THE TASK> Look through the material below. Copy every line with the string "FCPorto" in it.

SUPPLIED INFORMATION>
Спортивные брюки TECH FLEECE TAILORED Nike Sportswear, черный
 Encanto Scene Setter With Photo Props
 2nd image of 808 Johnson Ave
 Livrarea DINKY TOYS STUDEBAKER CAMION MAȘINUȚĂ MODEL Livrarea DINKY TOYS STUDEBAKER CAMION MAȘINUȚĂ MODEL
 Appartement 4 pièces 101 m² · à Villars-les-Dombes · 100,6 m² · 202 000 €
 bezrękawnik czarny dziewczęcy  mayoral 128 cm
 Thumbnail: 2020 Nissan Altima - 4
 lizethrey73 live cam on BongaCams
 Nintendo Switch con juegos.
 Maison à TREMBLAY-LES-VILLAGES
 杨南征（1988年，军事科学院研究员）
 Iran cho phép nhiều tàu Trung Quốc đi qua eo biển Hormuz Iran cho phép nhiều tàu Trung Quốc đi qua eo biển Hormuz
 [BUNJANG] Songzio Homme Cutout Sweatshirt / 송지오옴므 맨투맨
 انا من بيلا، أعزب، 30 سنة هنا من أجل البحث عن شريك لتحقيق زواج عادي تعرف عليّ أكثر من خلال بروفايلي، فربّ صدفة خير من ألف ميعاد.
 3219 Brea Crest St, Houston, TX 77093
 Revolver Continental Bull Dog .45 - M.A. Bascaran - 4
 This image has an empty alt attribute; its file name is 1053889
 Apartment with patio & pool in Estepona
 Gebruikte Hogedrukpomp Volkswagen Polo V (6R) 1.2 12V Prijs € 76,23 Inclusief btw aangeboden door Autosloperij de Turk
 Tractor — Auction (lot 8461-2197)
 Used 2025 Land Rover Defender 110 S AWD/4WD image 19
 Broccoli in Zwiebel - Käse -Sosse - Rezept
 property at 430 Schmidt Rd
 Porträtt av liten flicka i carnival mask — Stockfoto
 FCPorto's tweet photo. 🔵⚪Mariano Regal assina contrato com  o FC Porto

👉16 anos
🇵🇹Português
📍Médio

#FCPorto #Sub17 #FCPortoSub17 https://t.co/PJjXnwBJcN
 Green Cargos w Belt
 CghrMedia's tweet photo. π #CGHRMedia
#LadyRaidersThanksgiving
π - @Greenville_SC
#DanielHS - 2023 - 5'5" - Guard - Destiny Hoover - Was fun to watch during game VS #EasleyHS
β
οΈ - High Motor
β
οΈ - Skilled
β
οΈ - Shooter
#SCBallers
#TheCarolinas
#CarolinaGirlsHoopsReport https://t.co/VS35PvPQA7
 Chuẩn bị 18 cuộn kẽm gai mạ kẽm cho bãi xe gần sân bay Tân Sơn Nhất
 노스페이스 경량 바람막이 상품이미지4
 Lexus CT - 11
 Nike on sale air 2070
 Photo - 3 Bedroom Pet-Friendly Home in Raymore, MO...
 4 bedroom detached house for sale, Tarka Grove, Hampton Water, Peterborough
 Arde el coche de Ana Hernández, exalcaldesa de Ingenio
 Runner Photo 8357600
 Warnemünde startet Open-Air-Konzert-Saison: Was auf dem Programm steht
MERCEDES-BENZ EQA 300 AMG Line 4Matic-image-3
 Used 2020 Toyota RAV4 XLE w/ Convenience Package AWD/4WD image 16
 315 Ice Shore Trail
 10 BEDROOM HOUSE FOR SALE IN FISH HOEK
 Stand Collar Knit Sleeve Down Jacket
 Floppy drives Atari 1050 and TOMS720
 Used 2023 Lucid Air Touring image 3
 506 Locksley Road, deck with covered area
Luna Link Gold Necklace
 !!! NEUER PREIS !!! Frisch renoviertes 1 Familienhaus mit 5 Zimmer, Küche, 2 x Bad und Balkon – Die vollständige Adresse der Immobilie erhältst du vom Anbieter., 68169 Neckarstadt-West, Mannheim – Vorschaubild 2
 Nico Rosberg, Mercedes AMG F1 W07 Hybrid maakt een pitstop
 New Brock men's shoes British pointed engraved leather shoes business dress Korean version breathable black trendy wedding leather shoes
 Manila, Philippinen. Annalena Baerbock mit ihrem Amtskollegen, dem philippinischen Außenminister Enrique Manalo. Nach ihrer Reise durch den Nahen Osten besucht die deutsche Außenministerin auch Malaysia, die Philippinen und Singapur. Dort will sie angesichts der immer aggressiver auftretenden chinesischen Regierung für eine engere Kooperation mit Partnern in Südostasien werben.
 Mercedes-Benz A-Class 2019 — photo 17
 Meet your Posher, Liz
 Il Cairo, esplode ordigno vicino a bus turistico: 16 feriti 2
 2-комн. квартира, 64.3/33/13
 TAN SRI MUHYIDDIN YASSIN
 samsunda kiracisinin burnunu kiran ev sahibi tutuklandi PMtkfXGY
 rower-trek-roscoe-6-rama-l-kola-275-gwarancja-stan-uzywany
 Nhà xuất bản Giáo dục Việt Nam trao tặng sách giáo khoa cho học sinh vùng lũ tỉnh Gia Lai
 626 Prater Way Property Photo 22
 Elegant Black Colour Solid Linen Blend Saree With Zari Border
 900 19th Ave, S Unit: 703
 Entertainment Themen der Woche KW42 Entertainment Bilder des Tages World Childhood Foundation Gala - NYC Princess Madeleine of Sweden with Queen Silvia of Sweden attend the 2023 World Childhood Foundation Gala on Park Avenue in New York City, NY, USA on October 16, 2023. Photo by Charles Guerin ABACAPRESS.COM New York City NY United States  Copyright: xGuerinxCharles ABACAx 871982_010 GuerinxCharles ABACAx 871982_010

OUTPUT OF THE EXERCISE>
 FCPorto's tweet photo. 🔵⚪Mariano Regal assina contrato com  o FC Porto
#FCPorto #Sub17 #FCPortoSub17 https://t.co/PJjXnwBJcN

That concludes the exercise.